Campral darf nicht eingenommen werden,

  • wenn Sie allergisch gegen Acamprosat-Calcium oder einen der in Abschnitt 6. genannten sonstigen Bestandteile dieses Arzneimittels sind
  • während der Stillzeit (siehe Abschnitt Schwangerschaft und Stillzeit)
  • bei Störung der Nierenfunktion

Warnhinweise und Vorsichtsmaßnahmen

Bitte sprechen Sie mit Ihren Arzt oder Apotheker, bevor Sie Campral einnehmen.

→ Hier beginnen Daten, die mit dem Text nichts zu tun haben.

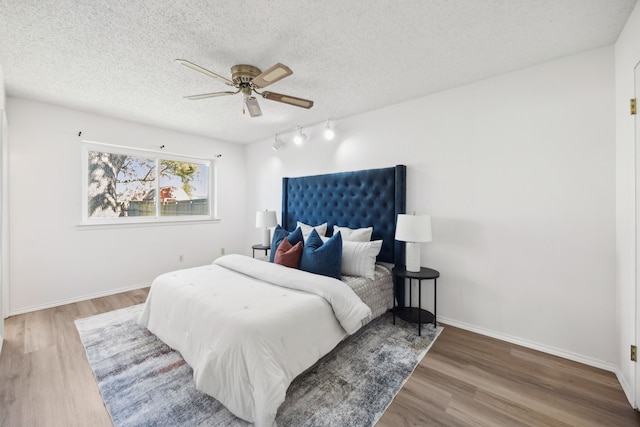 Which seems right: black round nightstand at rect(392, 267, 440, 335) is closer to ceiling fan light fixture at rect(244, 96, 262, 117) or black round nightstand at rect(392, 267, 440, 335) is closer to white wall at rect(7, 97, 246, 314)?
ceiling fan light fixture at rect(244, 96, 262, 117)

Sicherheit und Wirksamkeit von Campral sind für Patienten jünger als 18 Jahre und älter als 65 Jahre nicht nachgewiesen. Campral wird deshalb für die Behandlung dieser Patientengruppen nicht empfohlen.

Sicherheit und Wirksamkeit von Campral sind für Patienten mit schwerer Störung der Leberfunktion nicht nachgewiesen.

Besondere Vorsicht ist bei Nierensteinen geboten. Bitte informieren Sie Ihren Arzt, falls Sie an dieser Krankheit leiden bzw. früher gelitten haben.

Während der Behandlung mit Campral sollten Sie gelegentlich vom Arzt Ihren Calciumspiegel im Blut überprüfen lassen.

Acamprosat besitzt ein geringes oder kein Abhängigkeitspotential.

Einnahme von Campral zusammen mit anderen Arzneimitteln

Informieren Sie Ihren Arzt oder Apotheker, wenn Sie andere Arzneimittel einnehmen/anwenden, kürzlich andere Arzneimittel eingenommen/angewendet haben oder beabsichtigen andere Arzneimittel einzunehmen/anzuwenden.

Campral wurde häufig gleichzeitig mit anderen Medikamenten (Antabus, Benzodiazepine und andere Schlafmittel, Psychopharmaka und Schmerzmittel) verabreicht, ohne dass Wechselwirkungen beobachtet wurden.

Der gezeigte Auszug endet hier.